With the increasing demand for High-Speed Rail (HSR) operations, the potential hazards between HSR track and adjacent tracks became more pronounced and need to be considered. The Federal Railroad Administration (FRA) would like to develop a guidance document that will provide information on the design considerations, and potential mitigations for HSR systems adjacent to, and sharing corridors with existing conventional railway operations. The document should combine existing and proposed research to aid in the proposal, design, and evaluation of planned HSR alignments, particularly in areas where several conventional freight and passenger operations are in service within the same corridor (e.g. NEC future). Guidance information should take into account the relevant speeds of both the HSR and conventional operations, to provide assessment capabilities for an appropriate range of maximum authorized speeds.
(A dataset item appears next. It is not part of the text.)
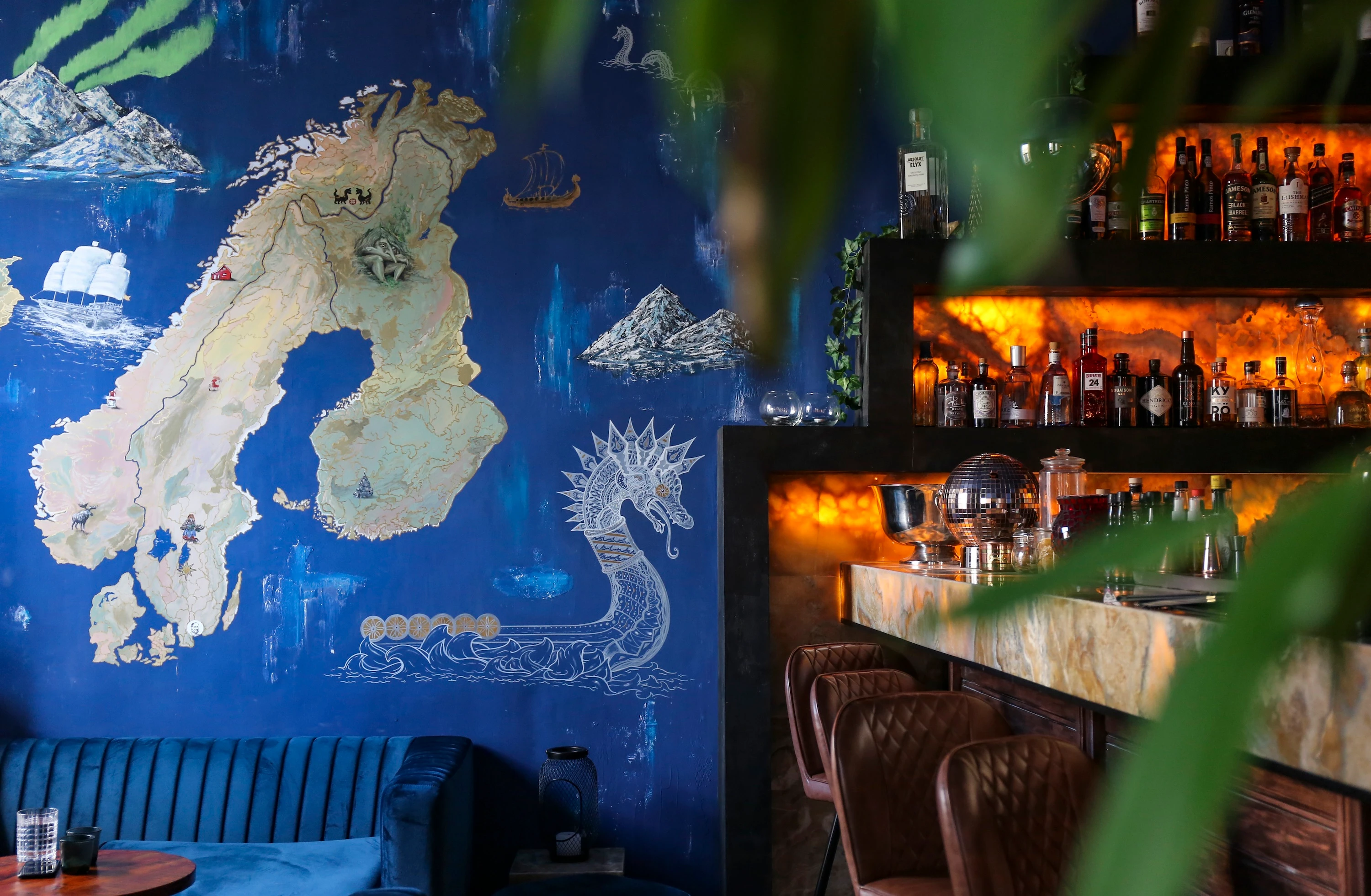 Bar mit Wandmalerei einer nordischen Karte und Wikingerschiff.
Development of the document, and its final contents should consider the following issues:

  • Minimum track and Right of Way (ROW) spacing from adjacent railroad tracks without the use of additional protection;
  • Use of intrusion detection or protection devices and proper system characteristics and installation locations;
  • Use of physical barriers or crash walls; what conditions warrant use and basic design characteristics;
  • Other relevant considerations such as aerodynamics, effects of grading and track heights, and protection from activities along ROW access roads, etc.

Objective


The objective of this project is to conduct a comprehensive literature review for the following hazards associated with HSR operations adjacent to conventional tracks:

  • Derailment on adjacent track,
  • Shifted load on an adjacent track,
  • Aerodynamic interaction between trains on adjacent tracks,
  • Ground borne vibration and its effect on HSR track geometry,
  • Intrusion of maintenance of way staff and equipment working on the adjacent track,
  • Obstruction hazard resulting from an adjacent track (non-derailment collision),
  • Drainage problem affecting either the HSR track or the adjacent track,
  • Evacuation of passengers from trains on the adjacent track,
  • Hazardous Materials on the adjacent track,
  • Fire on the adjacent track,
  • Electromagnetic interference between trains and wayside equipment on adjacent tracks. 
The literature review will collect and sort out - in clear and organized manner- all information related to the aforementioned hazards, its relevance to the subject matter, and any suggestions or recommendations to overcome or mitigate its effect. .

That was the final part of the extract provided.